Une conférence de presse organisée par la CFDT santé-sociaux s’est tenue le mardi 21 janvier dans le 19e, à Paris. La Fédération a commandé une enquête au Cictar, pour comprendre comment Ramsay Santé se sert de l’argent public pour faire de la spéculation immobilière à son profit. Morceaux choisis.

De gauche à droite : Marylise Léon, secrétaire générale CFDT, Mike Lewis, chercheur financier au Cictar, et Ève Rescanières, secrétaire générale CFDT santé-sociaux, le 21 janvier lors de la conférence de presse sur la spéculation immobilière du groupe Ramsay Santé. © Georges Gomes

La CFDT santé-sociaux, conjointement avec le Centre pour la recherche et la responsabilité fiscale des entreprises (Cictar), vient de publier une enquête sur le groupe Ramsay Santé, qui utilise l’argent des fonds publics à des fins de spéculation immobilière. Il aura fallu deux ans pour décortiquer les comptes de ce leader européen des cliniques privées, coté en Bourse.

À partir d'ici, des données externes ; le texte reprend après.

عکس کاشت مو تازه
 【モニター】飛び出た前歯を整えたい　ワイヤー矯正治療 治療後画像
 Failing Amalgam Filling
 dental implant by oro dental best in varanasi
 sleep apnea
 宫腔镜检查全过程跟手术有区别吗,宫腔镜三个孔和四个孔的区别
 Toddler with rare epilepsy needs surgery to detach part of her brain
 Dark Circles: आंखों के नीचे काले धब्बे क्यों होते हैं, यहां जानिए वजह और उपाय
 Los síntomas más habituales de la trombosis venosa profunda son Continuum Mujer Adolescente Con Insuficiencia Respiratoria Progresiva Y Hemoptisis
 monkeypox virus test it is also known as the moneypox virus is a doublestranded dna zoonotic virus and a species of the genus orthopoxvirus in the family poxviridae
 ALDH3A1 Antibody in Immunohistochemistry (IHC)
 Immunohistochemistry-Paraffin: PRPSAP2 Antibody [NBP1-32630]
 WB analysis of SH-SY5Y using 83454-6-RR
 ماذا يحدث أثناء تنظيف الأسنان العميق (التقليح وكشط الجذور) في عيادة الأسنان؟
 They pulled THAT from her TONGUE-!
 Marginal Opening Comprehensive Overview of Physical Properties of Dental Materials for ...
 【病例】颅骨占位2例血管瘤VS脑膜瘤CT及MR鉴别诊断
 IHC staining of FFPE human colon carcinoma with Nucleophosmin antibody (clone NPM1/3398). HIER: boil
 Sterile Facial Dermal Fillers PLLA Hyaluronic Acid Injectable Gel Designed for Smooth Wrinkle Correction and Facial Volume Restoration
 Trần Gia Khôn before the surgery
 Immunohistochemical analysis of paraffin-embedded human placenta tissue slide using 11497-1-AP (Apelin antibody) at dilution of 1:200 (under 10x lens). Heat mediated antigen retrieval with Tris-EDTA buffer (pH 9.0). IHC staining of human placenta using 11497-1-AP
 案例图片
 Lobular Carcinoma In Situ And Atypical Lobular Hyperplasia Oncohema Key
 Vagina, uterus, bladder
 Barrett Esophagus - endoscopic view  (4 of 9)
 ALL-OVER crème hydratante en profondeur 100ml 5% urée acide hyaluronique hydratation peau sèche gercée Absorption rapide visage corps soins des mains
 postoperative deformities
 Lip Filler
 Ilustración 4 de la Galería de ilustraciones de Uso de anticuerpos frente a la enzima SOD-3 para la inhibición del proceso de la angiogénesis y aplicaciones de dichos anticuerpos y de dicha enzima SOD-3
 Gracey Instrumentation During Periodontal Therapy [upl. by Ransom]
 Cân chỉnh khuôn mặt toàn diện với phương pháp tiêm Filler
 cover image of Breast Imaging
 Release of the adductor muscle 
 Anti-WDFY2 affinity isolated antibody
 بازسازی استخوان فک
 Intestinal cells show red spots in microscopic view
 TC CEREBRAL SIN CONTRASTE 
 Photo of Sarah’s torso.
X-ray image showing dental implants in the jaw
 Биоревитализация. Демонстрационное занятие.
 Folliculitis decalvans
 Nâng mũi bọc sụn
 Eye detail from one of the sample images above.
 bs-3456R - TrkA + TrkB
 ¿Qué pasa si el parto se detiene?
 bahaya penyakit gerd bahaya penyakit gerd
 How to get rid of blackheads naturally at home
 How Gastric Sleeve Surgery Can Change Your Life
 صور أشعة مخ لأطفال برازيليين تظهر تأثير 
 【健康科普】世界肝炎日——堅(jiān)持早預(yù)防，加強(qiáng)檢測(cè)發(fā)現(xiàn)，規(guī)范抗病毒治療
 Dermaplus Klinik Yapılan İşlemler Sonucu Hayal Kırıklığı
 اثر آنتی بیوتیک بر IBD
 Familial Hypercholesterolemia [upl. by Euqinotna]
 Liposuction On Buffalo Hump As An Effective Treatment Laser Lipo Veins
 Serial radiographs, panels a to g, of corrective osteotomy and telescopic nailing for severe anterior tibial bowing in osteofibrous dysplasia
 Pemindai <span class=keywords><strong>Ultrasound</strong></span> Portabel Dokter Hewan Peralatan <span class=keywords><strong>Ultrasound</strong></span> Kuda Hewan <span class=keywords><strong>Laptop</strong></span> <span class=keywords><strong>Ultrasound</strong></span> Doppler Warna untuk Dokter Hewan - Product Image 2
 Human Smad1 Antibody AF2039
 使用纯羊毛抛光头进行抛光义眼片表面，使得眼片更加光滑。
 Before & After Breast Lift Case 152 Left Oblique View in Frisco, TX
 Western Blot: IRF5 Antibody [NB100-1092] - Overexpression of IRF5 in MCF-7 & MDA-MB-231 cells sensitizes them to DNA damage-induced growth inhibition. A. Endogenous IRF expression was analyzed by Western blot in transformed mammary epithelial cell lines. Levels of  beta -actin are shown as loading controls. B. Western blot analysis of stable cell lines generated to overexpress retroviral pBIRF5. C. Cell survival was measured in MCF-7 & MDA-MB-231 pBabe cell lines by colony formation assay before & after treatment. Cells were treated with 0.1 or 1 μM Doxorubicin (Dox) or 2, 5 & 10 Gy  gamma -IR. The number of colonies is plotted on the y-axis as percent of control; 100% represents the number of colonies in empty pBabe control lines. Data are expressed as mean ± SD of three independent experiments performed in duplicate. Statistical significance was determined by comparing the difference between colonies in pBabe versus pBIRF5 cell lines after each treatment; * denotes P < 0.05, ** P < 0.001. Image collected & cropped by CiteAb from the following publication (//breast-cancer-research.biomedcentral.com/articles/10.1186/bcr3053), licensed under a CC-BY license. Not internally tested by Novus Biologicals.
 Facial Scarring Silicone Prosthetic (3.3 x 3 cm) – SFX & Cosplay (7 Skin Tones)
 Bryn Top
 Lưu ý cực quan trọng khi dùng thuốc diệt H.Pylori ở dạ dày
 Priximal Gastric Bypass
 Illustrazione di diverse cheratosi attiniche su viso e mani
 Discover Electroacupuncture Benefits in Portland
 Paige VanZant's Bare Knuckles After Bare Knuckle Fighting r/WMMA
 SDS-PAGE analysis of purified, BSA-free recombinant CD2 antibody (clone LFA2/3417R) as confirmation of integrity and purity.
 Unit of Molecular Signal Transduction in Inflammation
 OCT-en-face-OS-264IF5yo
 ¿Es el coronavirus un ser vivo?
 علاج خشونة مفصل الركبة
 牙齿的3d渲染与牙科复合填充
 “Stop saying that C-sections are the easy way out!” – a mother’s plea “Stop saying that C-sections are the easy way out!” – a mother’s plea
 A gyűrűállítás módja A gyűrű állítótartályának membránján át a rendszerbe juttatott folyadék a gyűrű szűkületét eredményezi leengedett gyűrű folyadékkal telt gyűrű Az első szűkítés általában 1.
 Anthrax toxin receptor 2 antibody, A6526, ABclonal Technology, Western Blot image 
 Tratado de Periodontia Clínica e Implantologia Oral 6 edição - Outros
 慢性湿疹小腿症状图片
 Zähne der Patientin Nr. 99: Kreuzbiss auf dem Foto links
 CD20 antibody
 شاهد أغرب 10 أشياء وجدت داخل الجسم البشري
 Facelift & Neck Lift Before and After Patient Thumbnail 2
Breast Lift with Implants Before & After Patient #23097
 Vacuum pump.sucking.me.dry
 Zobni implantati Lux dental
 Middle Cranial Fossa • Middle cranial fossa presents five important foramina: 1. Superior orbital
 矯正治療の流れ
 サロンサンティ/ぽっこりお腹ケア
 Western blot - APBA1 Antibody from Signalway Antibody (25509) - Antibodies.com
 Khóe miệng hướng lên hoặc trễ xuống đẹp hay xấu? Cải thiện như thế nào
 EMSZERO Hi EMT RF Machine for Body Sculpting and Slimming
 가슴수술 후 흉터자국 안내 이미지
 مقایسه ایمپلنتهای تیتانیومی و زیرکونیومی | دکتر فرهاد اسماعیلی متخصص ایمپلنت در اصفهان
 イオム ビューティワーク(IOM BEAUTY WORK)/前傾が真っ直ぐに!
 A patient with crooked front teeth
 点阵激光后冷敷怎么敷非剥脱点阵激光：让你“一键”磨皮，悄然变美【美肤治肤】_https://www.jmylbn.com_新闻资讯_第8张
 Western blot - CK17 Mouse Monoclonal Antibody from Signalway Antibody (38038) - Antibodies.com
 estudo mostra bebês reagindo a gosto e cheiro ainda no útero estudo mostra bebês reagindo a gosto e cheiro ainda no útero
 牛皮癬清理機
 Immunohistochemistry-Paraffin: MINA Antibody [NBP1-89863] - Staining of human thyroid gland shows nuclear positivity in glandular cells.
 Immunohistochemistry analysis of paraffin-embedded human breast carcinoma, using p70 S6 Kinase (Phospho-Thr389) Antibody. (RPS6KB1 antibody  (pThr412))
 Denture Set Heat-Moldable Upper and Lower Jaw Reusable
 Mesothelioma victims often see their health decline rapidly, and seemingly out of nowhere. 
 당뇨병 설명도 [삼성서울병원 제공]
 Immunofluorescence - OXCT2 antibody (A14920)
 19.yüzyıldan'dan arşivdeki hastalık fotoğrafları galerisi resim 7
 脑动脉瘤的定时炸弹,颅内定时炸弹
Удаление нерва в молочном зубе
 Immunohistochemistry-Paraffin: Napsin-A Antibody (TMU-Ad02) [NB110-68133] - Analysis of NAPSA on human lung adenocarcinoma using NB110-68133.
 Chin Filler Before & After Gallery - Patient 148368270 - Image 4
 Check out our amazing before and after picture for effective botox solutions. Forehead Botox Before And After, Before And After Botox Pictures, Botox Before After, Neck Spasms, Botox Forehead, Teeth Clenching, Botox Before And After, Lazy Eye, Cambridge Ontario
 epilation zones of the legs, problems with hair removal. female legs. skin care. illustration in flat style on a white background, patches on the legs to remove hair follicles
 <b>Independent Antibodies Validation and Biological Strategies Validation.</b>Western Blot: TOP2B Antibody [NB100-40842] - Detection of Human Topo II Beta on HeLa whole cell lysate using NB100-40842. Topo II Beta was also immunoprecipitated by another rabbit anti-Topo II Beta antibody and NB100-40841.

Ève Rescanières, secrétaire générale CFDT santé-sociaux, Mike Lewis, chercheur financier au Cictar, Loïc Le Noc, secrétaire national CFDT santé-sociaux, Marylise Léon, secrétaire générale CFDT, Brice Marin et Michèle Goya, CFDT santé-sociaux, ont présenté les conclusions du rapport « La spéculation immobilière au cœur du système de santé français : le cas de Ramsay Santé ».

La conférence de presse a permis d’attirer de nombreux journalistes de sites de presse et quotidiens influents : AFP, Mediapart, Les Echos, France inter, Ouest-France, Le Quotidien du médecin, UFC-Que choisir. Deux lanceuses d’alerte étaient présentes également.

J'ai vu les effets néfastes de ces investissements massifs de fonds d’investissement, souvent étrangers, dans notre système de soins. » Ève Rescanières

Infirmière de profession, Ève Rescanières a bien connu ces dérives : « J’ai commencé ma carrière dans une clinique privée lucrative, à l’époque où les cliniques étaient encore détenues par des médecins qui exerçaient leur profession au sein même de leur établissement. Depuis les années 2000, ces cliniques privées ont été vendues à des investisseurs qui ont envahi le secteur de la santé et sont devenus de grands groupes. » Elle-même, en tant qu’infirmière et syndicaliste, a vu « les effets néfastes de ces investissements massifs de fonds d’investissement, souvent étrangers, dans notre système de soins ».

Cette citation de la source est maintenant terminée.